On 7/1/26 14:20, Alexei Starovoitov wrote:
> On Tue, Jan 6, 2026 at 9:57 PM Leon Hwang <[email protected]> wrote:
>>
>>
>>
>> On 7/1/26 01:44, [email protected] wrote:
>>>> diff --git a/kernel/bpf/syscall.c b/kernel/bpf/syscall.c
>>>> index 14fc5738f2b9..e64cc7504731 100644
>>>> --- a/kernel/bpf/syscall.c
>>>> +++ b/kernel/bpf/syscall.c
>>>
>>> [ ... ]
>>>
>>>> @@ -6279,7 +6345,11 @@ static int __sys_bpf(enum bpf_cmd cmd, bpfptr_t
>>>> uattr, unsigned int size,
>>>>
>>>> switch (cmd) {
>>>> case BPF_MAP_CREATE:
>>>> - err = map_create(&attr, uattr);
>>>> + common_attrs.log_true_size = 0;
>>>> + err = map_create(&attr, uattr, &common_attrs);
>>>> + ret = copy_common_attr_log_true_size(uattr_common,
>>>> size_common,
>>>> +
>>>> &common_attrs.log_true_size);
>>>> + err = ret ? ret : err;
>>>
>>> When map_create() succeeds, it returns a file descriptor that is already
>>> installed in the caller's fd table via bpf_map_new_fd(). If
>>> copy_common_attr_log_true_size() then fails (e.g., user provided a
>>> read-only buffer for uattr_common), the syscall returns -EFAULT but the
>>> fd remains installed.
>>>
>>> Could this leak the file descriptor? The user gets an error and has no
>>> way to know what fd number was allocated, so they cannot close it.
>>>
>>
>> Good catch — you’re right.
>>
>> If 'map_create()' succeeds and 'copy_common_attr_log_true_size()' later
>> fails (e.g. returning -EFAULT), the newly created file descriptor would
>> remain installed and could be leaked.
>>
>> I’ll fix this in the next revision by explicitly closing the fd when
>> ret is non-zero.
>
> No. The refactoring was wrong. Don't make the kernel do extra work.

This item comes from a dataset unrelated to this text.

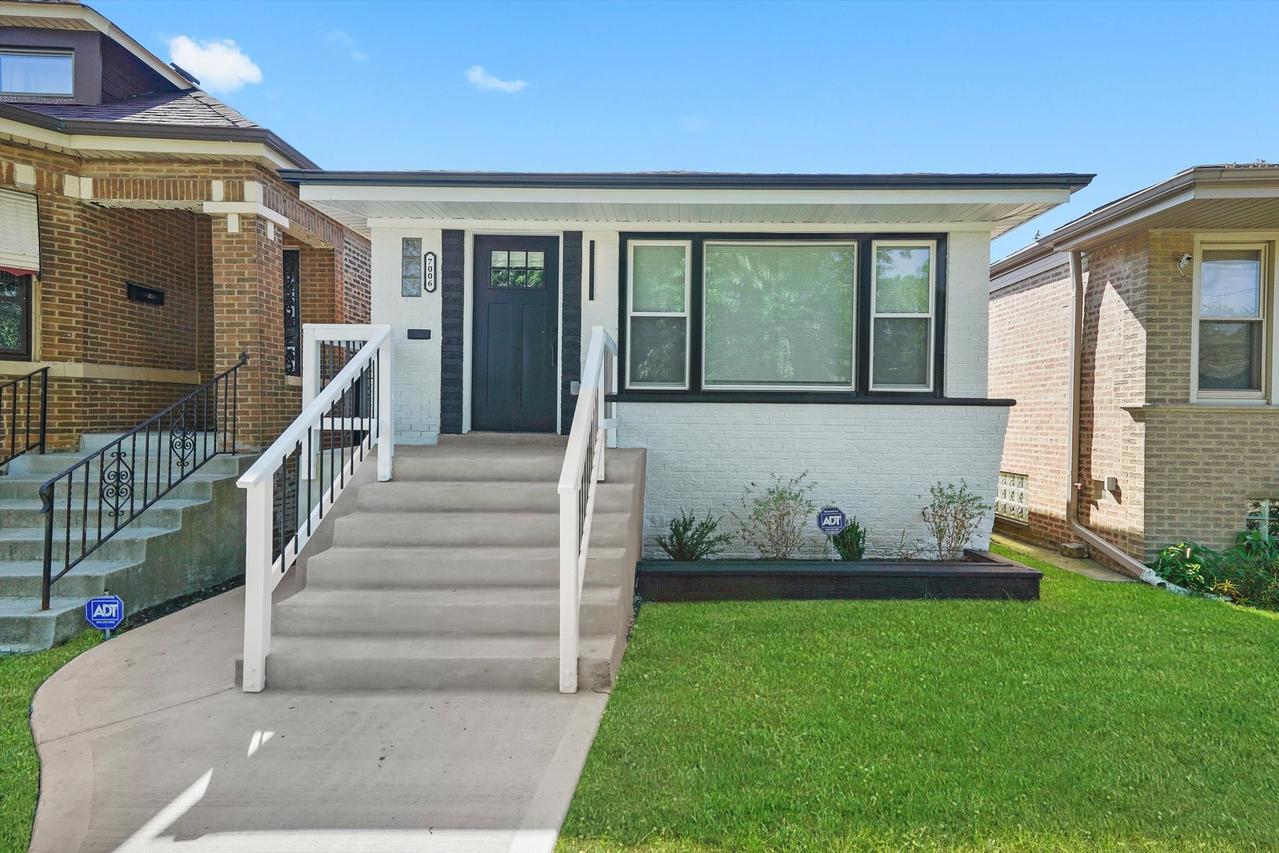 7006 S Bell Ave., Chicago, IL 60636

> Patch 3 introduced a bug and closing fd is not a solution.
> Such a pattern can be exploited for DoS.
You’re right — closing the fd after the fact is not the correct
solution, and introducing extra work in the kernel is undesirable. Doing
so could also open the door to DoS-style abuse.
The correct approach is to copy log_true_size into common_attrs
before allocating and installing the new fd, so that a failure in
copying cannot leave behind a partially created object.
I’ll rework this accordingly in the next revision.